Typical Cloud Services and Infrastructure Issues
While there are thousands of things that could go wrong within a cloud environment, the most typical cloud issues include the following:
- Cloud security and configuration management: Maintaining consistent configuration management across all of your cloud infrastructure can be a major challenge. In fact, hackers often exploit common cloud misconfigurations, which include using default credentials or accidentally exposing credentials, exposed ports or poorly secured S3 buckets, and more.
- Cloud availability and latency issues: Sometimes issues can occur on the user’s side, and other times, server-side issues may cause latency and availability issues for public cloud services.
- Cloud application performance issues: Cloud applications can be delayed or fail for a number of reasons, including how they’re built and configured, poor database performance, or the cloud computing services themselves.
- Cloud cost issues: Many organizations face out-of-control cloud costs, due to the way in which they’re utilizing cloud resources. Sometimes unexpected surges or unattended projects can cause unexpected spikes in the next month’s cloud bill.
- Multicloud deployment issues: Organizations embracing a multicloud approach need to learn to do the same things differently across cloud platforms. Learning a new system can be a costly and error-prone process.
Troubleshooting these issues require different approaches, yet there are some common best practices that can be leveraged across the board.

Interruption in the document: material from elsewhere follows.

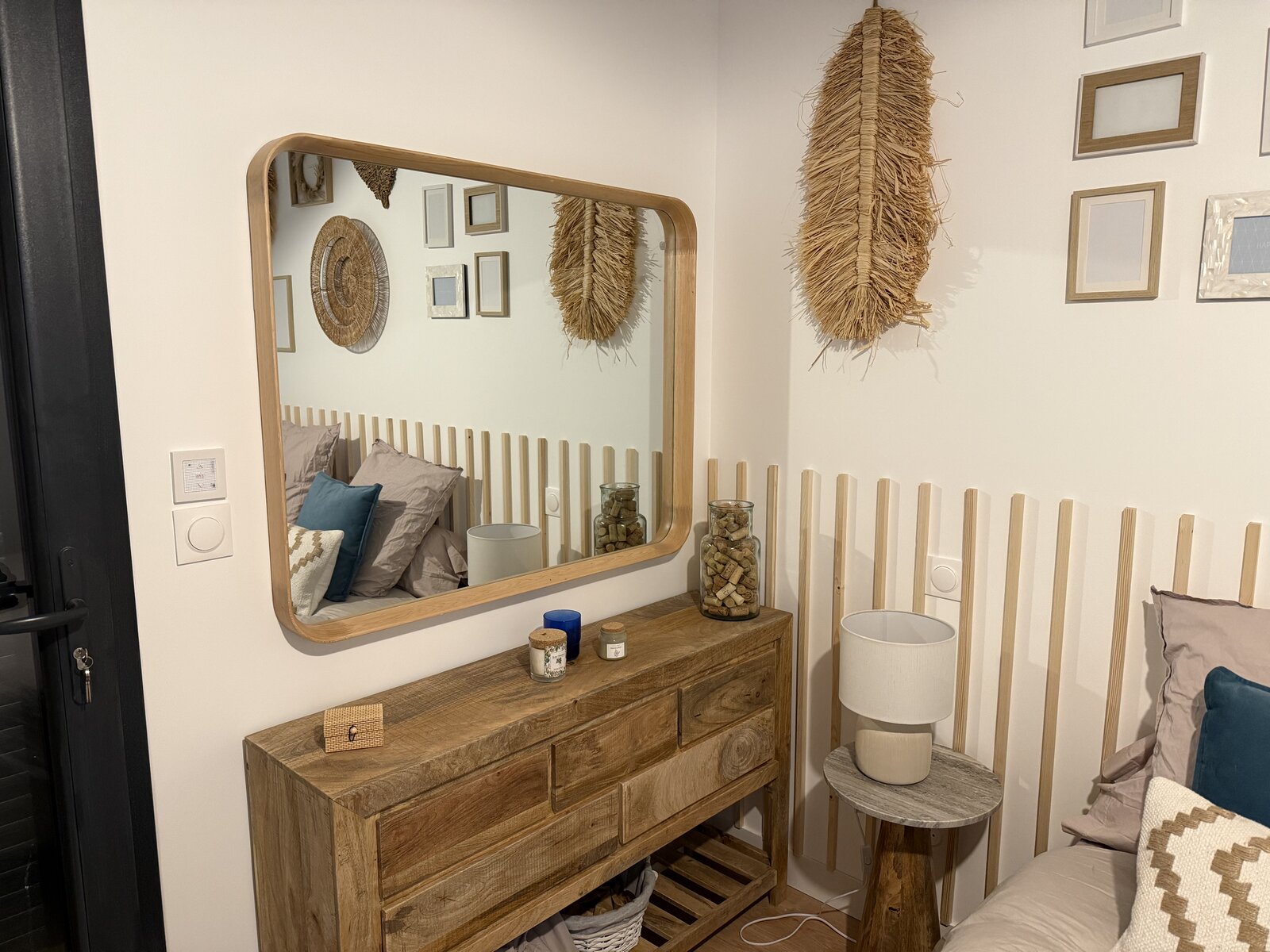 Decor detail in the boho guest room, dresser and rattan accents.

Cloud Troubleshooting Best Practices
Once you know there’s a problem, there are important steps you must take to mitigate the risks of an issue persisting. Unlike navigating on-premises IT troubleshooting tasks, troubleshooting cloud infrastructure within the shared responsibility model of public cloud providers requires sharp communication skills with your provider on what you’ve done to fix the issue yourself. Google outlines typical cloud troubleshooting best practices for site reliability engineers (SREs), which include:
- Triage: Mitigate the impact if you can
- Examine: Gather observations and share them with your cloud provider or other team members
- Diagnose: Create a hypothesis that explains the observations
- Test and treat:
- Identify tests that may prove or disprove the hypothesis
- Execute the tests and agree on the meaning of the result
- Move on to the next hypothesis; repeat until solved
While working with a cloud provider on an issue means that you lose some element of control over the situation at hand, it’s critical to maintain a time-stamped record of troubleshooting steps you’ve taken so far, with screenshots and any relevant log snippets or other documentation attached.